The White House again denied allegations of sexual misconduct against President Trump, as three of his accusers called for Congress to investigate his past behavior.
Speaking at the daily press briefing, spokeswoman Sarah Huckabee Sanders said that Trump has denied the women’s allegations, that any incidents took place a long time ago and that voters settled the discussion when they picked Trump in the 2016 election.
“[President Trump] thinks it’s a good thing that women are coming forward, but he also feels strongly that a mere allegation shouldn’t determine the course,” she said Monday afternoon. “In this case, the president has denied any of these allegations.”
The comments came after three of the 19 women who have accused Trump of sexual harassment or sexual misconduct spoke on the “Today” show about their experiences and held a press conference to call for a congressional investigation.
“Our stories seem to fall on deaf ears,” Rachel Crooks, who claims Trump forcibly kissed her, said during a press conference Monday morning. “In an objective setting, without question a person with this record would have entered the political graveyard of aspirations, never to return.”

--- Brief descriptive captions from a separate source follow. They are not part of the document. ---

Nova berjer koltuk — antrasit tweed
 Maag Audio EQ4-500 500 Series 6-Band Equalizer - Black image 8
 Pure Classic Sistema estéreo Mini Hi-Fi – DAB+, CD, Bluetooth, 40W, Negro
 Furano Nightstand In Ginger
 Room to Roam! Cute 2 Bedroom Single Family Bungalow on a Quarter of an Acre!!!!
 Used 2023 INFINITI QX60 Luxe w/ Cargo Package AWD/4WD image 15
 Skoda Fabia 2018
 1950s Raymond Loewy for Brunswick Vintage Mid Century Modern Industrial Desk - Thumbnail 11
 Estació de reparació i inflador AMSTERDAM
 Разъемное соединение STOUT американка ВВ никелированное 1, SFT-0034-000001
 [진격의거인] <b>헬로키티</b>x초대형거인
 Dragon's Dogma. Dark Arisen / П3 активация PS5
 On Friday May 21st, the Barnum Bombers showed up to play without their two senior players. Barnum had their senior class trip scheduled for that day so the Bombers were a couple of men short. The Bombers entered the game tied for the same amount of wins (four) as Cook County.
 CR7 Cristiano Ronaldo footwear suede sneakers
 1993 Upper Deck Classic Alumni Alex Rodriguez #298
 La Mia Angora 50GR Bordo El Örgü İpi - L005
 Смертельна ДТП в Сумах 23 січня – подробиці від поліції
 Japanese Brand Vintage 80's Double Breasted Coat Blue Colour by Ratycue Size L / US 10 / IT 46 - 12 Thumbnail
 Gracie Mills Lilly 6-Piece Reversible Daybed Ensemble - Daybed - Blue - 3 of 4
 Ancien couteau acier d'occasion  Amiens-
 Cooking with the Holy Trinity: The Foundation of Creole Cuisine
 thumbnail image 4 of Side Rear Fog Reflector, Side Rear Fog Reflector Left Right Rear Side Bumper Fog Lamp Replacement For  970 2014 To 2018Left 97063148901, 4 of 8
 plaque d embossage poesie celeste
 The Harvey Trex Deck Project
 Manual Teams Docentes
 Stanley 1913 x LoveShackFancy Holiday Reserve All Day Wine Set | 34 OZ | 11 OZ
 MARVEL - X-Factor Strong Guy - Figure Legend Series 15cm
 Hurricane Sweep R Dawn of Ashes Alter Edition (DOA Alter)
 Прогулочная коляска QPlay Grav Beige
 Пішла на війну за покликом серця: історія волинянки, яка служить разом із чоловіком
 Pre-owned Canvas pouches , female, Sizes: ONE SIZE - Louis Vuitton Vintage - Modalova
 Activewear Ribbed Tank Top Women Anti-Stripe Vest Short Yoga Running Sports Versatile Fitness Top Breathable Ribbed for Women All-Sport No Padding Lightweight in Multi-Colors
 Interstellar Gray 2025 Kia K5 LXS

Along with the accusations from the women, Trump was also caught on a hot mic on “Access Hollywood” bragging about touching women without their consent, a moment he apologized for and called “locker room talk” before the election.
Sanders repeated arguments she has made before that the election settled the question of whether Trump harassed women: “We feel like these allegations have been answered through that process.”
She also added that the allegations were about things which happened in the past.
“This took place long before he was elected to be president,” she said.
Democratic lawmakers have upped the stakes recently, with New York Sen. Kirsten Gillibrand calling for Trump to resign over the allegations in an interview Monday with CNN and Oregon Sen. Ron Wyden calling for an investigation.
Trump’s three female accusers said they were coming forward again because they felt that things had changed in recent weeks with the downfalls of major public figures like Hollywood producer Harvey Weinstein and Minnesota Sen. Al Franken over sexual misconduct.
“We’re at the position now where in some areas of our society people are being held accountable for unwanted behavior,” said Jessica Leeds, who has alleged that Trump groped her on an airplane, “but we are not holding our president accountable for what he is and who he is.”
Correction: The original version of this story misstated the state that Al Franken represents in the Senate. It is Minnesota, not Massachusetts.